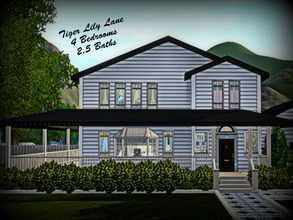Sims 3 — Tigerlily Lane -- 4BR, 2.5BA by sweetpoyzin2 — Tigerlily Lane is the quintessential farmhouse! This beautiful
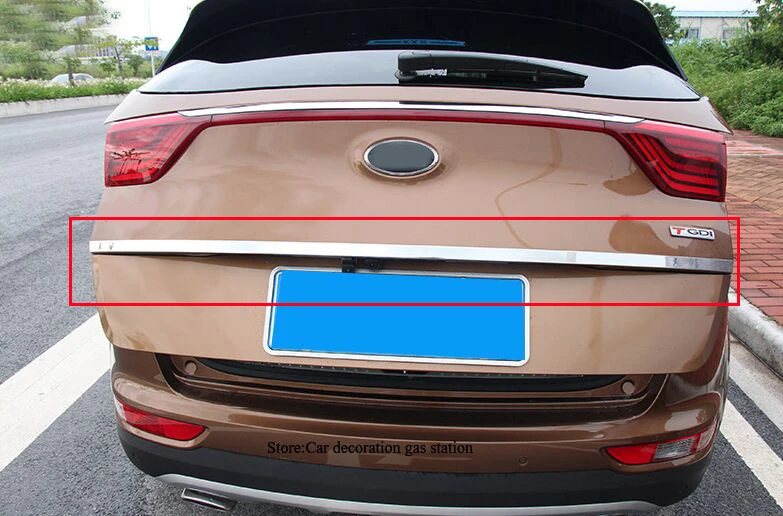 CHROME REAR TRUNK LID COVER TAILGATE TRIM HATCH BACK DOOR HANDLE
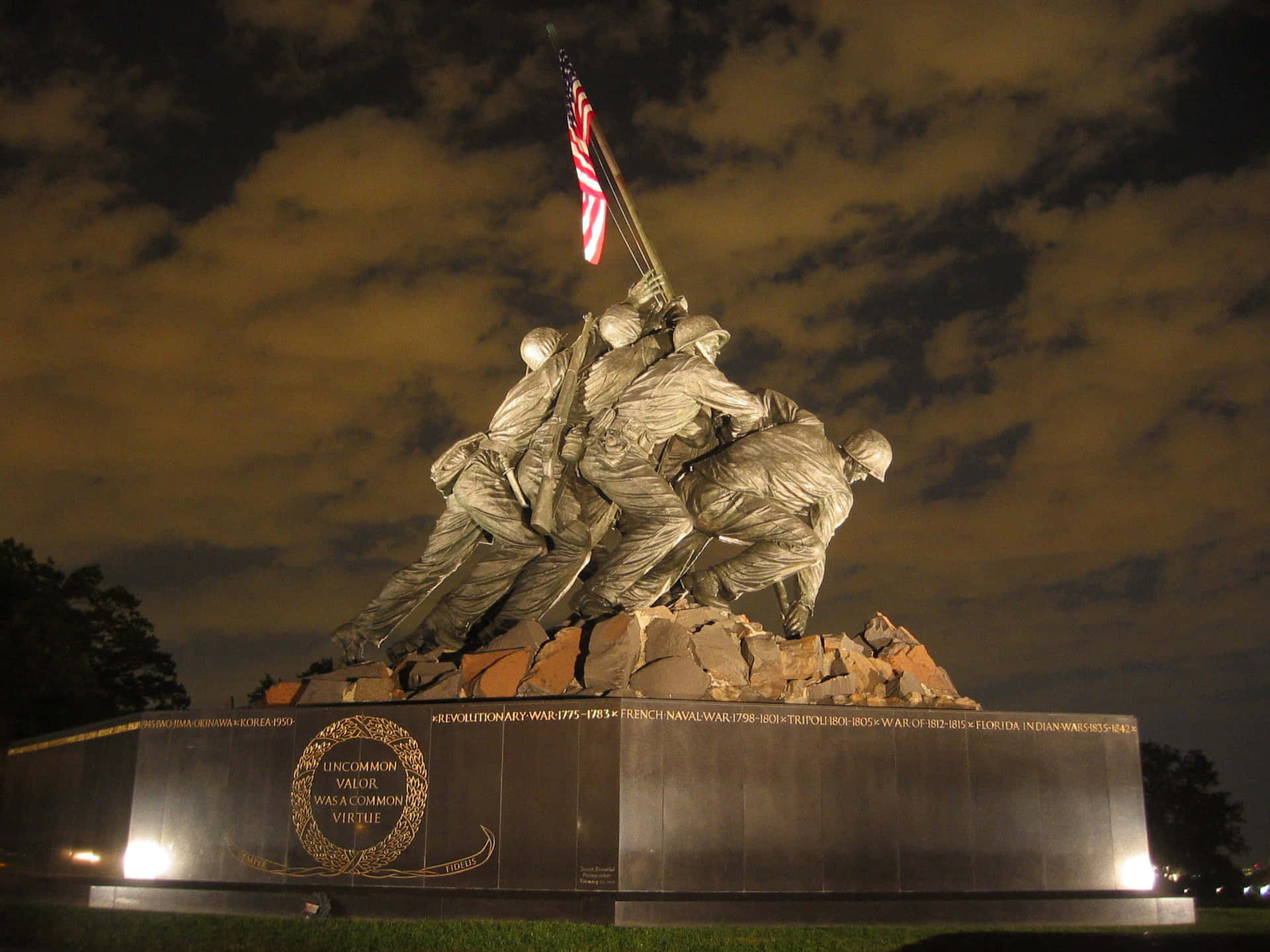 Us Marines Serving Their Country Background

_PROBLEM TO WORK ON_:
Only the pictures are to be left out; write out all the other data exactly.

_SOLUTION TO THE PROBLEM_:
Sims 3 — Tigerlily Lane -- 4BR, 2.5BA by sweetpoyzin2 — Tigerlily Lane is the quintessential farmhouse! This beautiful
 CHROME REAR TRUNK LID COVER TAILGATE TRIM HATCH BACK DOOR HANDLE
 Us Marines Serving Their Country Background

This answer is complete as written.